The molecular shapes of \(\mathrm{SF}_{4}, \mathrm{CF}_{4}\) and \(\mathrm{XeF}_{4}\) are (a) the same with 2,0 and 1 lone pairs of electrons on the central atom, respectively (b) the same with 1,1 and 1 lone pair of electrons on the central atom, respectively (c) different with 0,1 and 2 lone pairs of electrons on the central atom, respectively (d) different with 1,0 and 2 lone pairs of electrons on the central atom, respectively

Short Answer

Expert verified
The correct answer is (d) different with 1,0, and 2 lone pairs on the central atom, respectively.

Step by step solution

01

SF4 Analysis

The structure of \(\text{SF}_4\) includes a central sulfur atom bonded to four fluorine atoms.
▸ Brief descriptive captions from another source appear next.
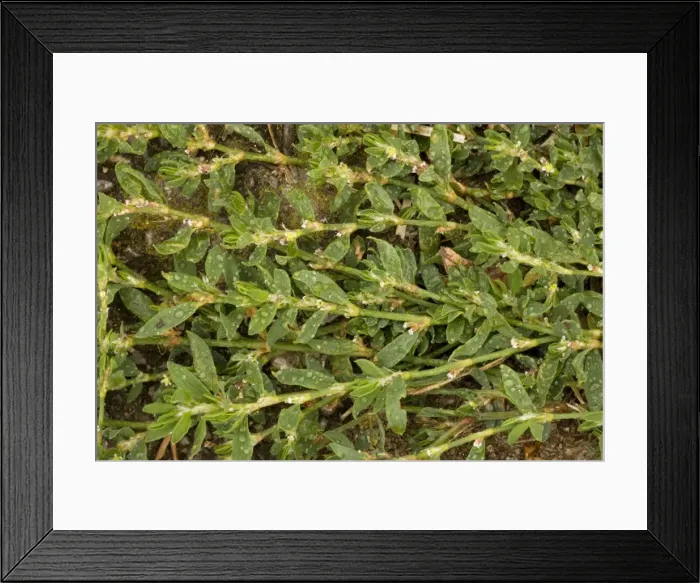 Framed Print : Equal-leaved knotgrass (Polygonum arenastrum). Uncommon weed, Somerset Framed Print : Equal-leaved knotgrass (Polygonum arenastrum). Uncommon weed, Somerset
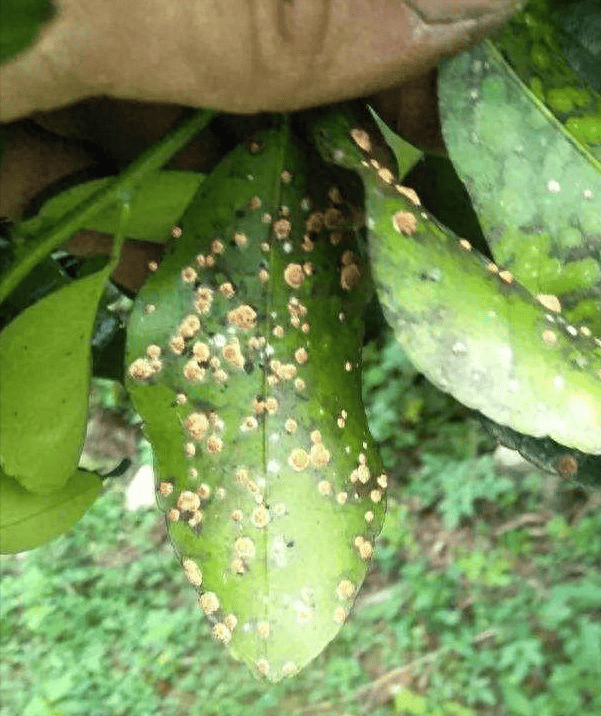 秋季柑橘粉虱防治措施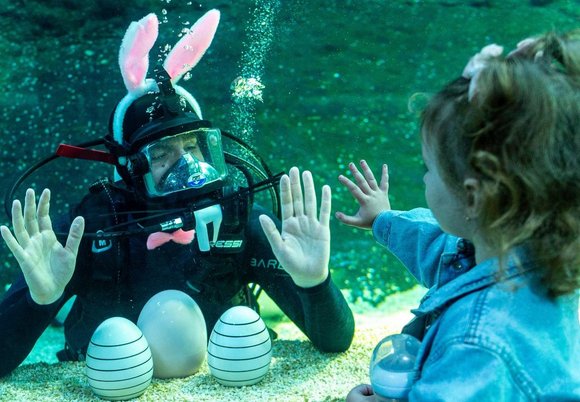 Łódź. Wielkie Szukanie Jajek w Orientarium Zoo Łódź. Wielkanocna zabawa dla dzieci i dorosłych!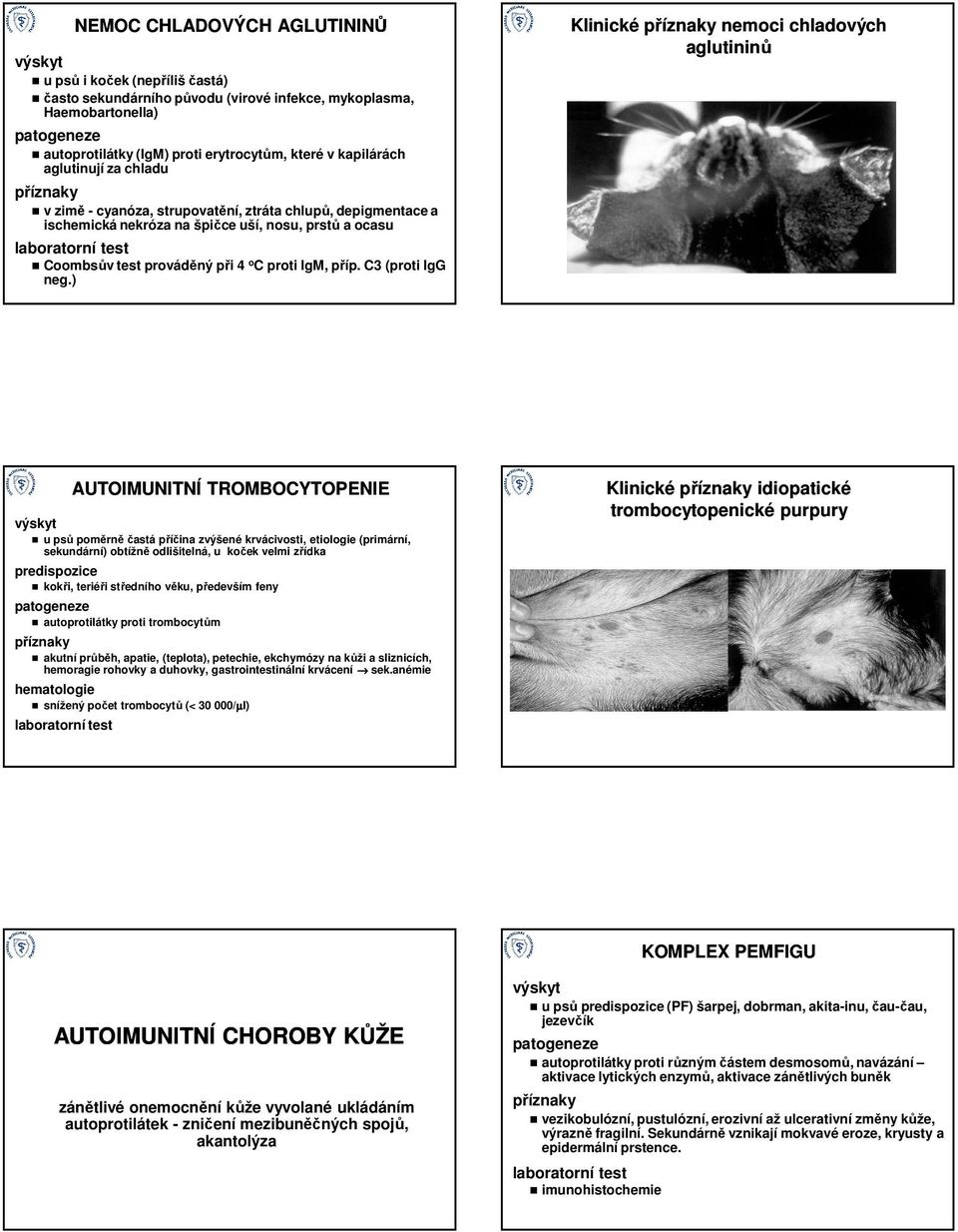 C3 (proti IgG neg.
Sulfur has 6 valence electrons; 4 are involved in bonding with fluorine atoms, leaving 2 electrons as a lone pair. The lone pair causes a seesaw shape due to the repulsion on the bonded pairs.
02

CF4 Analysis

The molecule \(\text{CF}_4\) consists of a carbon atom bonded to four fluorine atoms. Carbon has 4 valence electrons, all of which are utilized in forming four bonds with fluorine. This results in no lone pairs on the central atom, giving \(\text{CF}_4\) a tetrahedral shape.
03

XeF4 Analysis

For \(\text{XeF}_4\), xenon is the central atom, with 8 valence electrons. Four of these electrons form bonds with four fluorine atoms, while the remaining 4 electrons form 2 lone pairs. This gives \(\text{XeF}_4\) a square planar shape due to the lone pairs.
04

Compare Molecular Shapes and Lone Pairs

\(\text{SF}_4\) has a seesaw shape with 1 lone pair, \(\text{CF}_4\) is tetrahedral with 0 lone pairs, and \(\text{XeF}_4\) is square planar with 2 lone pairs. All three have different shapes and lone pair configurations.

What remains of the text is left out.